THE RECORDS section start

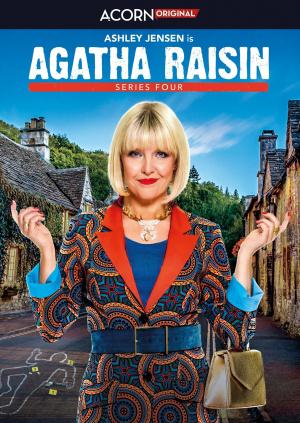 Agatha Raisin - Seizoen 4
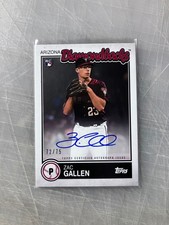 2020 Topps Brooklyn Collection Baseball Cards 8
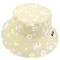 Bob beige floral- femme - miniature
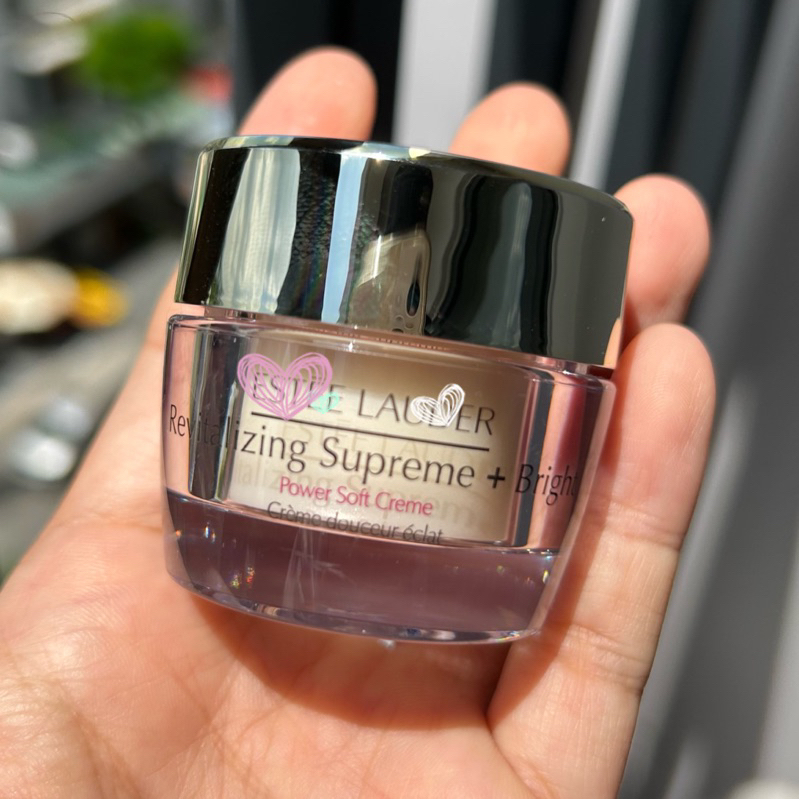 Kem dưỡng Estee Lauder Revitalizing Supreme+ Bright trắng sáng toàn diện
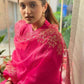 Meher Cotton Kurta Palazzo Set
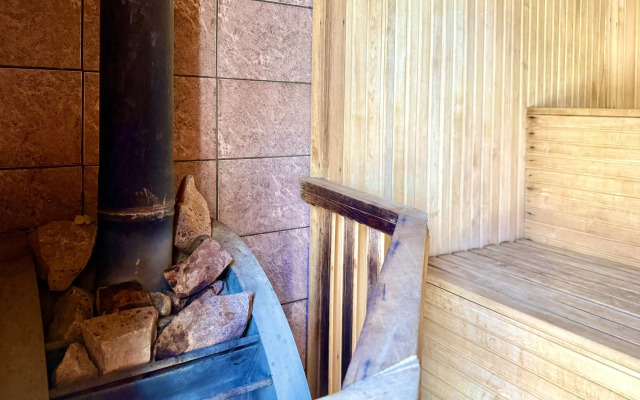 У термальных источников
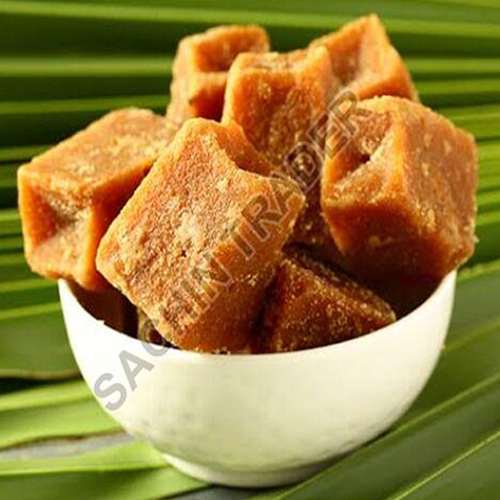 गुड़ का Cube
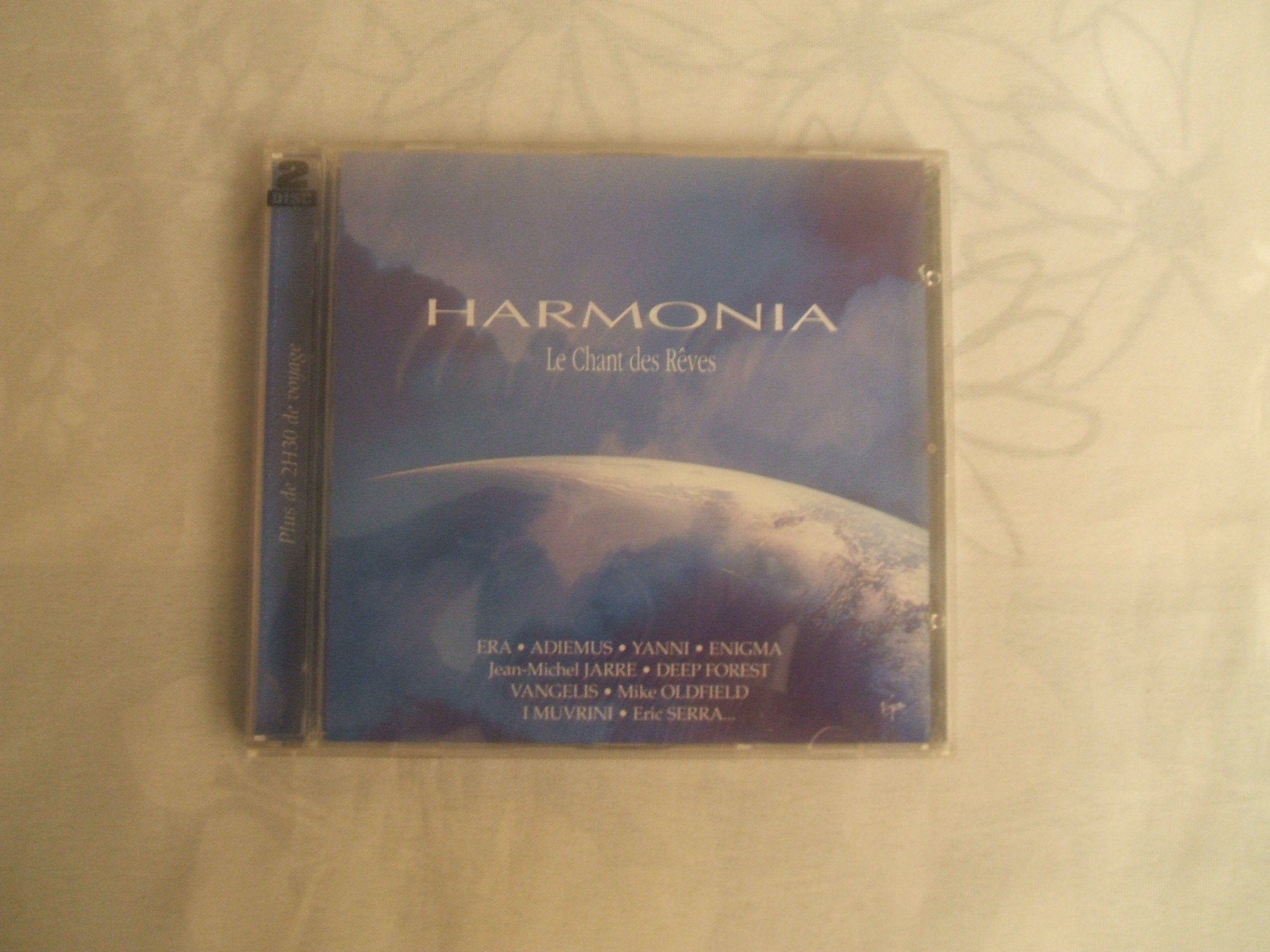 Harmonia / Le Chant des rêves 0724384497224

THE RECORDS section end

WORK REQUEST => Leaving the pictures aside, transcribe exactly the lines from the one containing "गुड़ का Cube" to the final line of the entries above, both ends included.

WRITTEN SOLUTION =>
 गुड़ का Cube
 Harmonia / Le Chant des rêves 0724384497224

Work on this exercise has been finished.